(Source material)

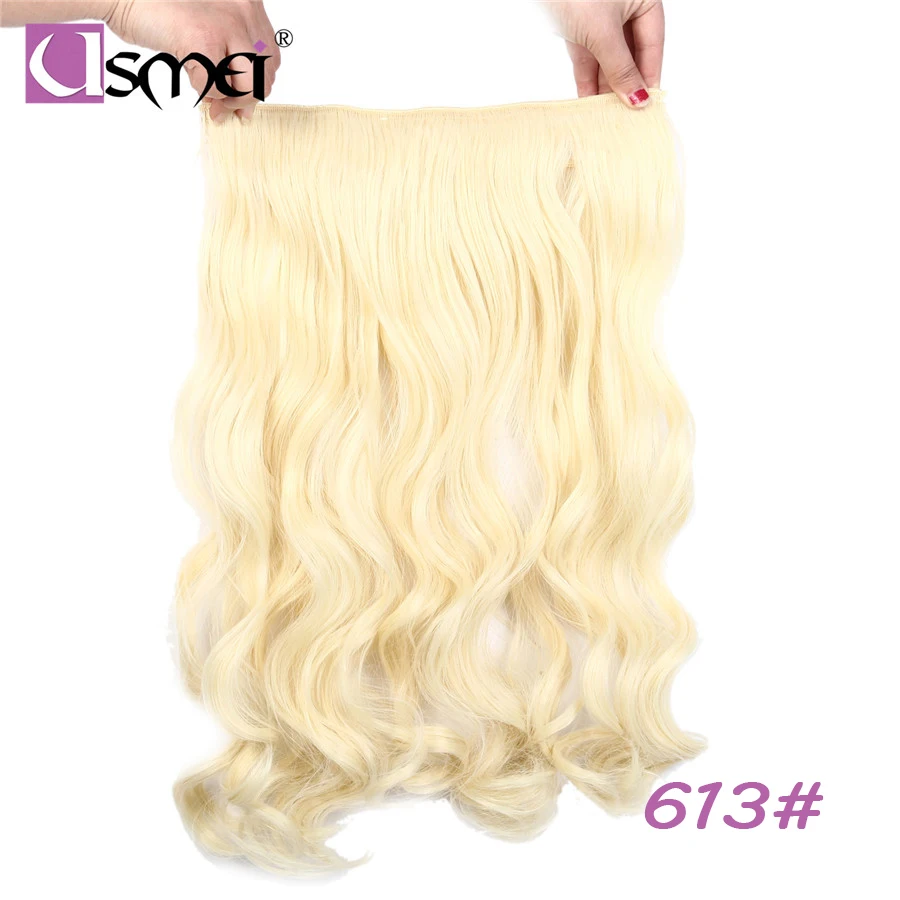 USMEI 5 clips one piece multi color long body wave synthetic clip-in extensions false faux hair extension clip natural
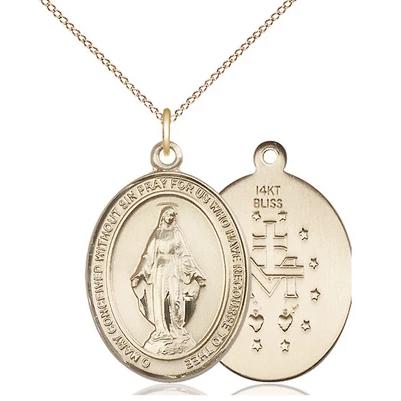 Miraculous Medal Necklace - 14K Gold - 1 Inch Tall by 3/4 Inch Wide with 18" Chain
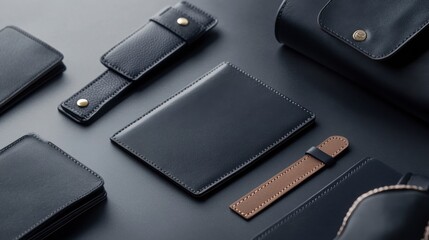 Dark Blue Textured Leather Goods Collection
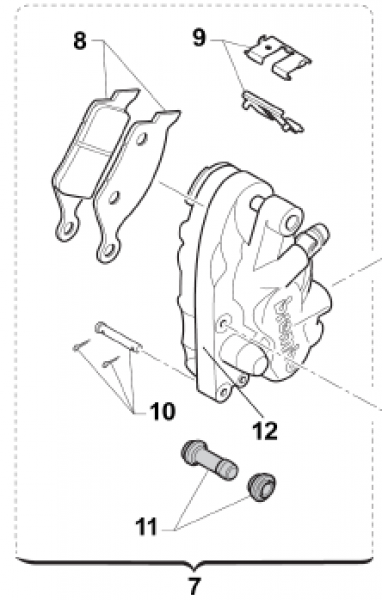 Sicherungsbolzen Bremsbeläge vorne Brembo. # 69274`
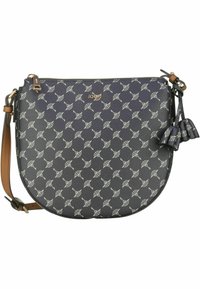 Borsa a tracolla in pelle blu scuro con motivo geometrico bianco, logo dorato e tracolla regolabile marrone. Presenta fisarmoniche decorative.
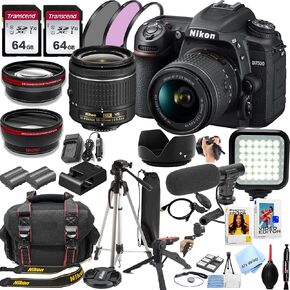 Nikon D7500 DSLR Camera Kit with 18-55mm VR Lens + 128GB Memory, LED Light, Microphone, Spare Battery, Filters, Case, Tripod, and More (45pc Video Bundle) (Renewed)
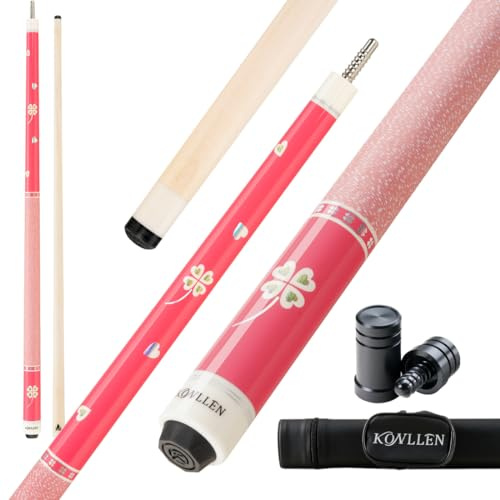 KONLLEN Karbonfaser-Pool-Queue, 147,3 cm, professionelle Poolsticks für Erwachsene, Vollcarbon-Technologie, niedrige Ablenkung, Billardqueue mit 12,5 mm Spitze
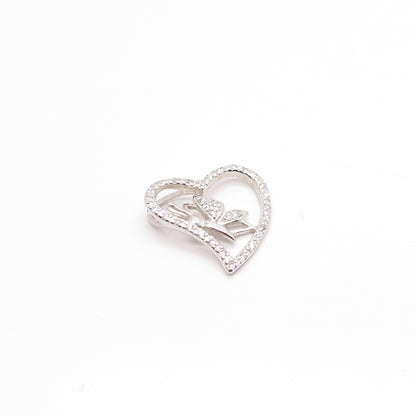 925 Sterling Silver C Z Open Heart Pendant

(End Source material)
(Source material)

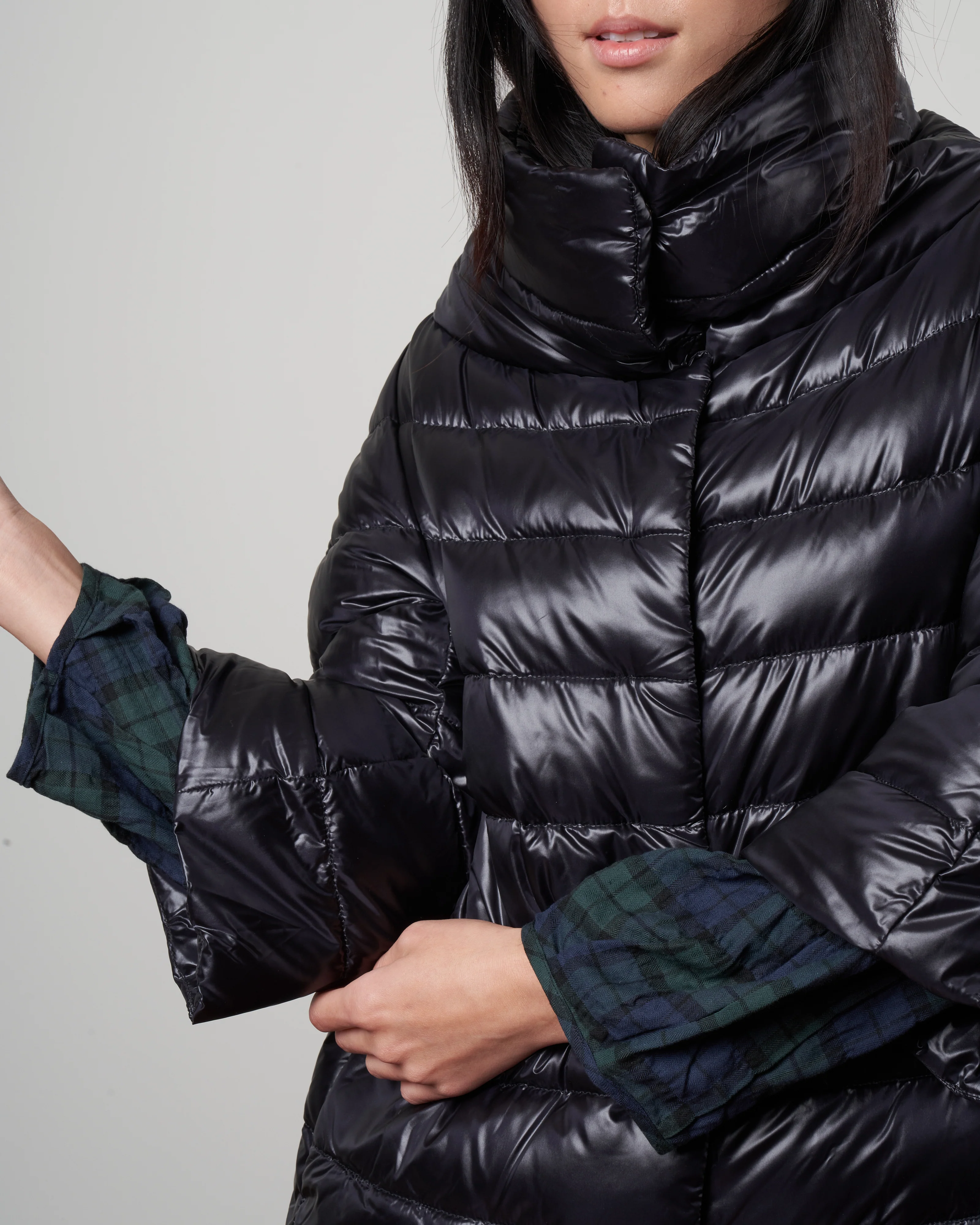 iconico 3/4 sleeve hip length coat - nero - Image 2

(End Source material)

What is needed is an exact copy of the lines above from the one with "KONLLEN Karbonfaser-Pool-Queue, 147,3" to the one with "925 Sterling Silver C Z Open Heart Pendant", both ends kept, and nothing more; please leave the pictures out.

### Answer to this exercise
 KONLLEN Karbonfaser-Pool-Queue, 147,3 cm, professionelle Poolsticks für Erwachsene, Vollcarbon-Technologie, niedrige Ablenkung, Billardqueue mit 12,5 mm Spitze
 925 Sterling Silver C Z Open Heart Pendant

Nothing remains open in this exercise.